Obscurity Calculating Partial Derivative at a Point Using Limit Definition

Question

In the beginning of a chapter that speaks about second order directional derivatives, my textbook presents the following example that shows that generally, the order by which we derive a certain function may matter greatly. Unfortunately I got stumped by some step along the way. The example goes as follows:

$$ f:\mathbb{R}^2 \rightarrow \mathbb{R} $$ $$ (x,y) \longrightarrow \begin{cases} \frac{x^2 - y^2}{x^2 + y^2}xy & (x,y)\neq(0,0)\\ 0 & (x,y)=(0,0) \end{cases} $$ As the function is broken up at the point $(0,0)$ we must use the limit definition to calculate the partial derivatives at $(0,0)$. So, the way I thought it should be done is by calulating as follows: $$ \frac{f_{|(0,0),(1,0)}(t) - f_{|(0,0),(1,0)}(0)}{t}=\frac{\frac{t^2 - 0}{t^2}t\cdot0 - 0}{t} = 0\xrightarrow[t \rightarrow 0]{}0 $$ I thought that at this point we can safely say $\frac{\partial f}{\partial x}(0,0) = 0$. However, my textbook, though it starts as I did, goes further to say: $$ \text{when } y \neq 0 \text{ we have } \frac{f(x,y) - f(0,y)}{x - 0} = \frac{x^2 - y^2}{x^2 + y^2}y \xrightarrow[x \rightarrow 0]{}-y $$

And thus we have $\frac{\partial f}{\partial x}(0,y) = -y$. Next the second order is calculated: $\frac{\partial^2 f}{\partial y \partial x}(0,0) = -1$. The same process is repeated in the reverse order and we get $\frac{\partial^2 f}{\partial x \partial y}(0,0) = 1$.

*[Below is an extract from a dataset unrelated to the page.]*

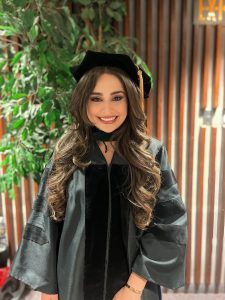 Noor Kawmi poses for a photo wearing her commencement regalia.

I went over the definitions of directional derivative and partial derivative yet I still don't fully understand the process. Why do we calculate $\frac{\partial f}{\partial x}(0,y)$, that is for all $y$? Isn't $\frac{\partial f}{\partial x}(0,0)$ suppose to be enough to find the second order in the $y$ direction?

Thanks!

Answer 1

I think your confusion is coming from the wrong idea that $\frac{\partial^2 f}{\partial y \partial x}(0,0) = \frac{\partial}{\partial y}(\frac{\partial f}{\partial x}(0,0)).$

Rather, in order to find $\frac{\partial^2 f}{\partial y \partial x}(0,0)$, we proceed as follows. For every fixed real $y=\eta$, we show that the fixed number $\frac{\partial f}{\partial x}(0,\eta)$ exists. This is exactly your first two calculations. Note that $\frac{\partial f}{\partial x}(0,\eta)$ is $\frac{d}{dx}[f(x,\eta)]$ evaluated at $x=0$.

Actually all we need is the function of $y$ given by $\frac{\partial f}{\partial x}(0,y)$ to be defined in some neighborhood $(-\epsilon,\epsilon)$. It is, by the work you showed.

$\frac{\partial^2 f}{\partial y \partial x}(0,0)$ is $\frac{d}{dy}(\frac{\partial f}{\partial x}(0,y))$ evaluated at $y=0$.

That is, $\frac{\partial^2 f}{\partial y \partial x}(0,0)$ is $\frac{d}{dy}(-y)$ evaluated at $y=0$.

Answer 2

Your function $f$ is a classic example. You should contrast it with $$ G(x,y) = \begin{cases} xy &\,\,\,\, |y|\leq|x|\\ -xy &\,\,\,\, |y|>|x|. \end{cases} $$

The point of each example is to show that, in your words, "the order may matter greatly"; this despite the fact that each of $f$ and $G$ is continuous at the origin. One of several impressive things about $f$ is that both (first-order) partial derivatives are continuous at the origin, as functions of two variables. (You could investigate if this is also true for $G$.)

As for your question, I think you answered it yourself. The derivative of $-y$ with respect to $y$ is $-1$.

And thus we have $\frac{\partial f}{\partial x}(0,y) = -y$. Next the second order is calculated: $\frac{\partial^2 f}{\partial y \partial x}(0,0) = -1$.

The object $\frac{\partial f}{\partial x}(0,0)$ is just a number, a constant! You need a function of an independent quantity (for us, $y$) to find a derivative with respect to $y$.

$\frac{\partial f}{\partial x}(0,0)$ alone is not useful for finding a second-order partial.